Read/Write Grace Period (Hours) is what needs to be understood well. It says that how long the service must wait before finally cutting over to secondary replicas. Values can range from 1 hour to 24 hours. And this is the time window that service will use to synchronize the changes which have occurred on primary just before the disaster but have not been written all to secondary. If you configure less time say, an hour, all changes may not be cascaded to secondary and there might be some data loss. So, if you can’t afford data loss then configure the highest value so that either there is no data loss or you tried your best by configuring the best possible option. But at the same time, you need to give consideration to RTO (Recovery Time Objective) as well and that’s why this is little tricky and something that you need to understand well.

Another thing we need to understand is the difference between Failover and Forced Failover.

Both options are for manual failover which could be used either for a planned failover or a test exercise. Failover is the usual cut over to secondary replica which first synchronizes the changes to secondary server before actual failover. Whereas Forced Failover is immediate failover to secondary without synchronizing anything to secondary. So, depending on your situation, you can choose the appropriate option.

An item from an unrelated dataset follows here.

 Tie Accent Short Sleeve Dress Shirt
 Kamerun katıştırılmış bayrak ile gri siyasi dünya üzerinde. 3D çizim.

Similarities between Active Geo-Replication and Failover Groups –

  1. Both are database level features so only database level objects are replicated to secondary replicas.
  2. In fact, Failover Groups is built on top of Active Geo-Replication
  3. Like in Active Geo-Replication, secondary replicas are read-only here too. If you try to update database level settings, you will get the errors
  4. Query Store is READ ONLY here too
  5. Both can be used to offload read operations to secondary replicas
  6. Both replicates to secondary in asynchronous way
  7. Both supports nested configuration i.e. secondary replicas for secondary replicas to bypass the default limitations of four geo-replicas and one failover group though with trade-off
  8. Same query that you used to monitor the replication lag through system catalog view for geo-replication can be used for failover groups
SELECT * FROM sys.dm_geo_replication_link_status

Differences between Active Geo-Replication and Failover Groups –

  1. The very first difference is that Geo-Replication is per database configuration; Failover groups allows multiple databases to be configured at same time
  2. Geo-Replication can be configured on a server within same region but Failover Groups allows for the wider scope and hence asks for the secondary server to be in a different region
  3. There can be up to four secondary replicas in case of Geo-Replication but Failover Groups allows only one replica
  4. Geo-Replication doesn’t support Managed Instances; Failover Groups can be configured for Managed Instances
  5. Failover is manual in case of Geo-Replication; Failover Groups can cut over automatically
  6. After the failover, connection strings needs to be changed in case of Geo-Replication but no such requirements for failover groups

Concluding Remarks

This can be thought of as that on on-premise side there are three options for HA/DR – Log Shipping (per database configuration), Availability Groups (for a group of databases) and Failover Clusters. Considering that Azure SQL Database is a DBaaS i.e. Database as a Service so the options which are scoped at database level are supported i.e. Active Geo-Replication (per database configuration) and Failover Groups (group of databases) in Azure terminologies.